PTH protein was located on the segmented gel by radioimmunoprecipitation with anti-sera raised against the C-terminal portion of PTH. The results are shown in FIG. 5. It is apparent that the stimulation effect of the BB5-M is directed specifically to the intact protein; the level of C-terminal fragment secreted is not changed.

Claims

1. Monoclonal antibodies specifically immunoreactive with a human parathyroid tissue-specific antigen not secreted by said gland, wherein said antibodies are not immunoreactive with other human tissue, and

wherein said antigen has an apparent molecular weight of 191 kd (non-reduced) and an apparent molecular weight of 171 kd (reduced) on SDS-polyacylamide gel electrophoresis and

wherein said antigen is found on the surface of parathyroid tissue.

2. The antibodies of claim 1 which are of class IgM.

3. The antibodies of claim 1 which are of class IgGl.

4. Subfragments of the antibodies of claim 1 which retain antigen specificity.

5. The subfragments of claim 4 which are Fab or F(ab').sub.2 subfragments.

6. An immortalized cell line which secretes monoclonal antibodies of claim 1.

7. The immortalized cell line of claim 6 which is a hybridoma.

8. The hybridoma of claim 7 which is prepared by fusing blood lymphocytes or spleen cells from mice immunized with isolated human parathyroid tissue with a murine myeloma line.

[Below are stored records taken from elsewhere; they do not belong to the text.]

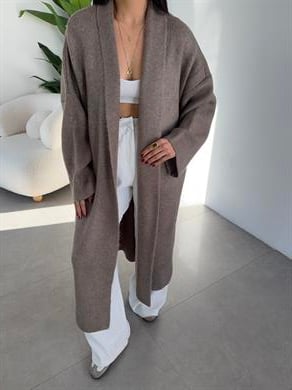 Koyu Vizon Uzun Salaş Maxi Triko Hırka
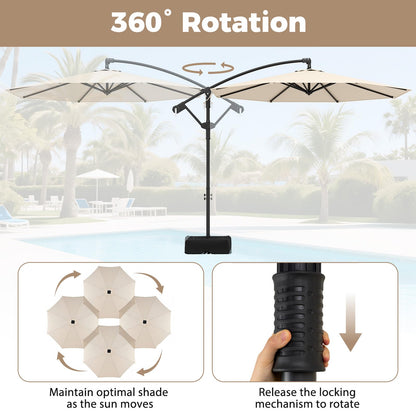 Tangkula 10ft Patio Umbrella with Base Included, Offset Cantilever Outdoor Umbrella with 360 Degree Rotation, Crank Handle, Sun-Protective Canopy for Pool Deck Garden Backyard (Beige)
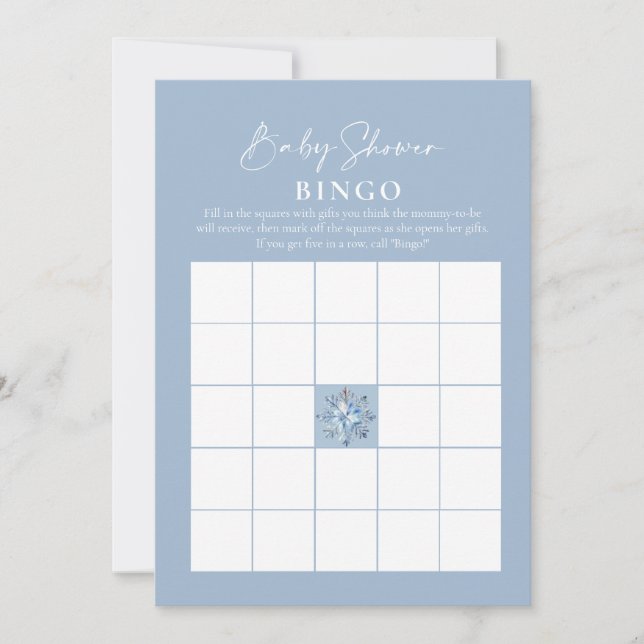 Invitation Bingo bébé Dusty Blue Baby shower d'hiver Jeux (Devant)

9. The monoclonal antibodies of claim 1 covalently bound to label.

10. The subfragments of claim 4 covalently bound to label.

11. The monoclonal antibodies of claim 9 wherein the label is radioactive.

12. The subfragments of claim 10 wherein the label is radioactive.

13. The monoclonal antibodies of claim 11 wherein the label is I-125, In-111, or Tc-99.

14. The subfragments of claim 12 wherein the label is I-125, In-111, or Tc-99.

15. The monoclonal antibodies of claim 1 wherein said antibodies, when bound to the parathyroid gland, enhance the secretion of parathyroid hormone.